In line with this Beckton’s service recorded data highlights a 67% reduction in significant parasuicidal behaviours, 56% of service users on the DBT programme becoming informal and 93% being discharged to a lower level of security. Possibly more importantly qualitative feedback from service users has demonstrated the significant benefits and changes they have derived from the programme.

All of the data taken together; outcome measures, service data and service user feedback highlights that the hard work to develop and maintain the DBT programme at Beckton has been worth it.

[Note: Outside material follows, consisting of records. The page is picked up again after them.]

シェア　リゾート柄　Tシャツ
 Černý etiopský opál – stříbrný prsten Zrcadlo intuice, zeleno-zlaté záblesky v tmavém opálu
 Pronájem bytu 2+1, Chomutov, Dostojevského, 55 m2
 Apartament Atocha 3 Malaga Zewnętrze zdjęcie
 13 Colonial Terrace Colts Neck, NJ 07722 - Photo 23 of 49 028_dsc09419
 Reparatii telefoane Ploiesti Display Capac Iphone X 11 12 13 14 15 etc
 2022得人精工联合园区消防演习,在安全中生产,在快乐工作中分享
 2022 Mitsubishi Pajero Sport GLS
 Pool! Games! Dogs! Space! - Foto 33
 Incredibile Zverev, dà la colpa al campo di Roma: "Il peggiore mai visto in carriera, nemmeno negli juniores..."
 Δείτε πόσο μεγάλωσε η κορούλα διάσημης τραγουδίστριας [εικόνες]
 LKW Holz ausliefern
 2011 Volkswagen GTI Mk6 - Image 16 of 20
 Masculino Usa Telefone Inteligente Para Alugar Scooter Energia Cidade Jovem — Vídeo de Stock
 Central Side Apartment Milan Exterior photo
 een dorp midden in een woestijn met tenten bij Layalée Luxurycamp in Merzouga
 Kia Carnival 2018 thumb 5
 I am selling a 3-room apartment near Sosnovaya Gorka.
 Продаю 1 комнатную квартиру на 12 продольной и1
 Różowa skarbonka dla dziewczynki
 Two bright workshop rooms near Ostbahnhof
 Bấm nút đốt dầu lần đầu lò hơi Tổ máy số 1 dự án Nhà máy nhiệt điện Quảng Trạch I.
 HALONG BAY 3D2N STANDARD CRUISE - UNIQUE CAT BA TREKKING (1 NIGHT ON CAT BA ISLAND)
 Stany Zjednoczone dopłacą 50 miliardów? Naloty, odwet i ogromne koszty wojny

It shows that it really does help the service users build ‘A Life Worth Living’ – the key target in DBT.

The team, led by Elizabeth Tuudah (Assistant Psychologist) and Olga Konstantinidou (Highly Specialised Clinical Psychologist & DBT Lead) also had an exciting opportunity to present a poster illustrating Beckton’s Adapted DBT programme. This has been developed to increase access to DBT for those with a learning disability. This demonstrated not only the changes made to adapt some of the core DBT skills but also the adaptations in how the information is presented and the considerations that have been given to how the programme is delivered to aid processing, retention and recall of information. There was a real buzz around the poster during the lunch break with people interested to find out what changes the team had made and their experience of this.

The team were very proud to represent Cygnet Hospital Beckton and to network with others delivering DBT in order to share information and knowledge. The team left feeling very excited about the information they could bring back to the rest of the team and enthusiastic to further develop the DBT programme at Cygnet Hospital Beckton.